The paper investigates the time evolution of the microscopic Hubble parameter in heavy-ion collisions by simulating Au+Au events at $\sqrt{s_{NN}}=7.8$ GeV with the PHSD transport framework. A novel method analyzes the distributions of velocity-field derivatives to extract $H$ from the expanding fireball, revealing ballistic longitudinal expansion after nucleus separation and rapid exponential growth in the transverse directions. The longitudinal behavior follows $H_z(t) \approx C/(t-t_0)$ with $C\approx1$ and $t_0\approx4.07$ fm/$c$, while transverse expansions exhibit $H_i(b,t)=C(b) e^{k t}$ with $k\approx0.824$ fm$^{-1}$c$^{-1}$ and species-dependent scale factors. Post-separation $H$ values lie in $0.02$--$0.20$ fm$^{-1}$c$^{-1}$, vastly exceeding the cosmological Hubble constant, illustrating the strong, non-cosmological expansion dynamics in the fireball and offering a route to experimentally access microscopic expansion parameters through femtoscopy and related observables.

Abstract

The evolution of the "microscopic" Hubble parameter related to the expansion of matter born in heavy-ion collisions was obtained for nucleons and pions.
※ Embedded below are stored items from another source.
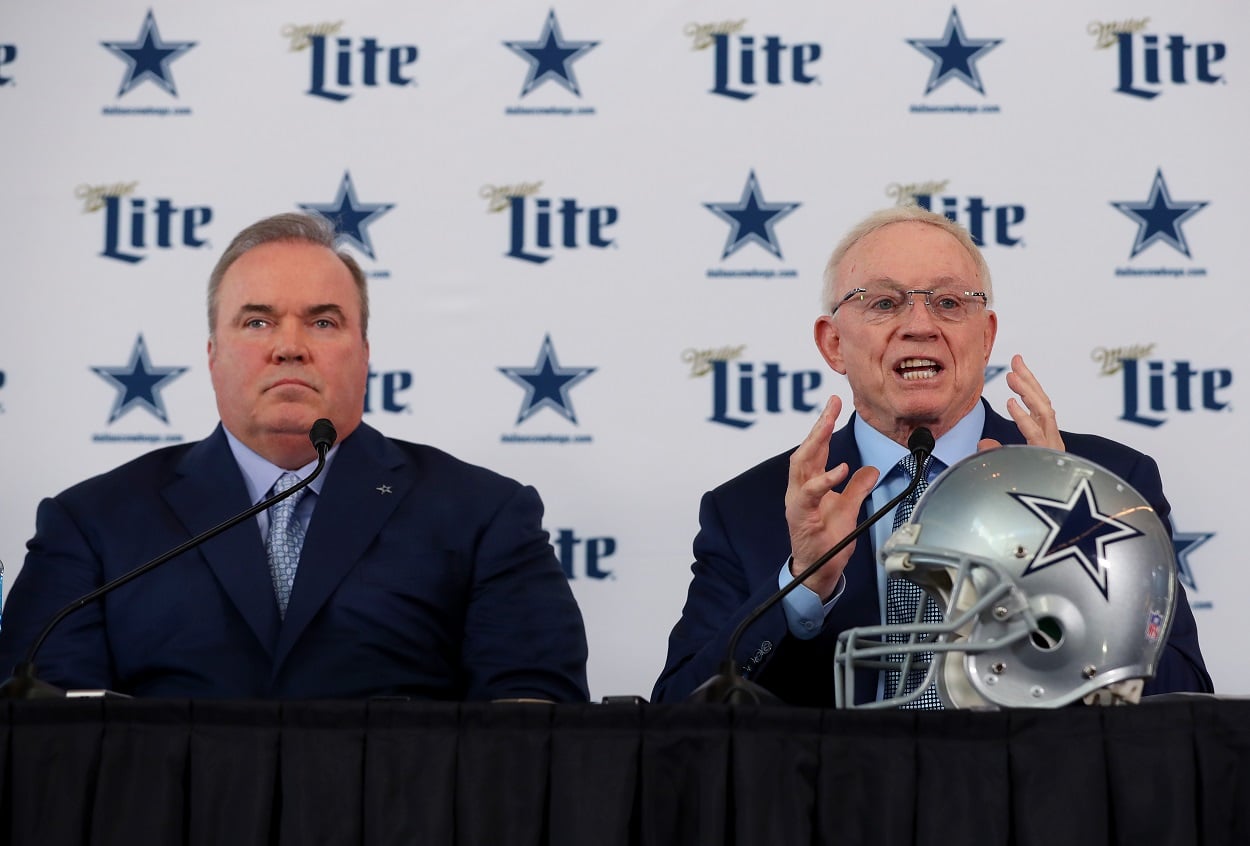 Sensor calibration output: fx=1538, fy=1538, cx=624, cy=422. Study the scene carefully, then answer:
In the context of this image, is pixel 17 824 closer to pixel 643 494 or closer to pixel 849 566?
pixel 849 566

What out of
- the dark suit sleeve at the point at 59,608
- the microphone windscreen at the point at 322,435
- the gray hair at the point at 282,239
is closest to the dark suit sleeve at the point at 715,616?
the microphone windscreen at the point at 322,435

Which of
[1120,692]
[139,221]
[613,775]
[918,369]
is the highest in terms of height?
[139,221]

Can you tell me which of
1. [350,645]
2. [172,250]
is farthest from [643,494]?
[172,250]

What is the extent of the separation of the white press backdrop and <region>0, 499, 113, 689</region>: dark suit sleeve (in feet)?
2.30

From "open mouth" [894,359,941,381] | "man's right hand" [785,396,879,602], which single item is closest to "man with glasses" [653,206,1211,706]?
"open mouth" [894,359,941,381]

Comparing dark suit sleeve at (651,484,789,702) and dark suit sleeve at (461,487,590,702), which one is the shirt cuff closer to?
dark suit sleeve at (651,484,789,702)

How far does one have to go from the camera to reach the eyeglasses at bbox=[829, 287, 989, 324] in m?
2.96

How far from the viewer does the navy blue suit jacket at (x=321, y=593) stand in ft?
9.25

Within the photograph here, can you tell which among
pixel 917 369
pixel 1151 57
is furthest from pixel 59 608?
pixel 1151 57

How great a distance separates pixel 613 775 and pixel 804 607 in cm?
78

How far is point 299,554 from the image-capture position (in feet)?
9.68

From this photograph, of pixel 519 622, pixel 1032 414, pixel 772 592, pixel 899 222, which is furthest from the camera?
pixel 899 222

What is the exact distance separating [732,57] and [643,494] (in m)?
1.07

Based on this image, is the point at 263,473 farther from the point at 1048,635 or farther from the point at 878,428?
the point at 1048,635
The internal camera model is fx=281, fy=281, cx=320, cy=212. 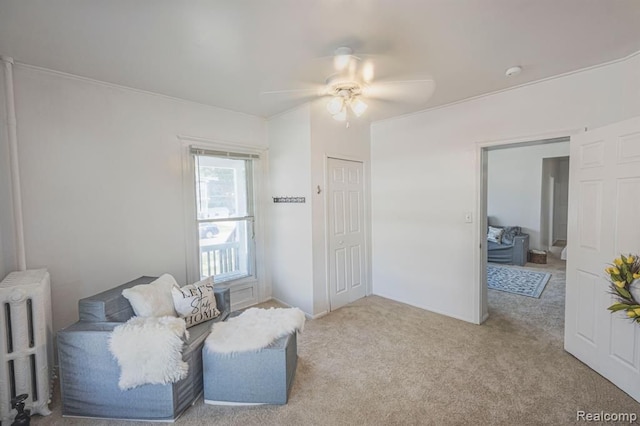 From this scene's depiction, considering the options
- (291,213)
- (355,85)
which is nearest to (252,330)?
(291,213)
The calculations were carried out within the parton-hadron-string dynamics (PHSD) transport model. Au+Au collisions with $\sqrt{s_{NN}} = 7.8$ GeV at $b = 2.5,\ 5.0,\ 7.5$, and $10.0$ fm were considered. A new method for determining the "microscopic" Hubble parameter from simulated data was used. The ballistic motion was obtained for the longitudinal direction after the separation of the nuclei. In earlier times, the evolution of the "microscopic" Hubble parameter in this direction was more complicated. For transverse directions, an exponential low-time asymptotics of the Hubble parameter was observed. The obtained values of the "microscopic" Hubble parameter are about 40 orders of magnitude higher than the cosmological Hubble constant.

Figures (6)

• Figure 1: Density of spectators projected on the reaction plane (Au+Au collision at $\sqrt{s_{NN}} = 7.8$ GeV, $b = 7.5$ fm).
• Figure 2: A longitudinal velocity profile and the corresponding statistical distribution of $\partial_z v_z$ (Au+Au collision at $\sqrt{s_{NN}} = 7.8$ GeV, $b = 7.5$ fm).
• Figure 3: The inverse Hubble parameter in the longitudinal direction. The solid straight line shows the linear fit; the solid curves correspond to polynomial fit given by Eq. (\ref{['eq::cube']}); the dashed curves correspond to calculation by Eq. (\ref{['eq::H_Bondorf']}). Two thick crosses show the estimated positions of the intersection points of the fit curves for pions and nucleons. Two vertical dashed lines are for the maximal overlapping moment of time and for the last touch moment. The inset subplot shows zoomed evolution before the linear growth.
• Figure 4: The Hubble parameter in the transverse directions. The slanted lines show exponential fits. Two vertical dashed lines are for the maximal overlapping moment of time and for the last touch moment.
• Figure 5: The scale factor $C(b)$ from Eq. (\ref{['eq::exp']}) for pions and nucleons.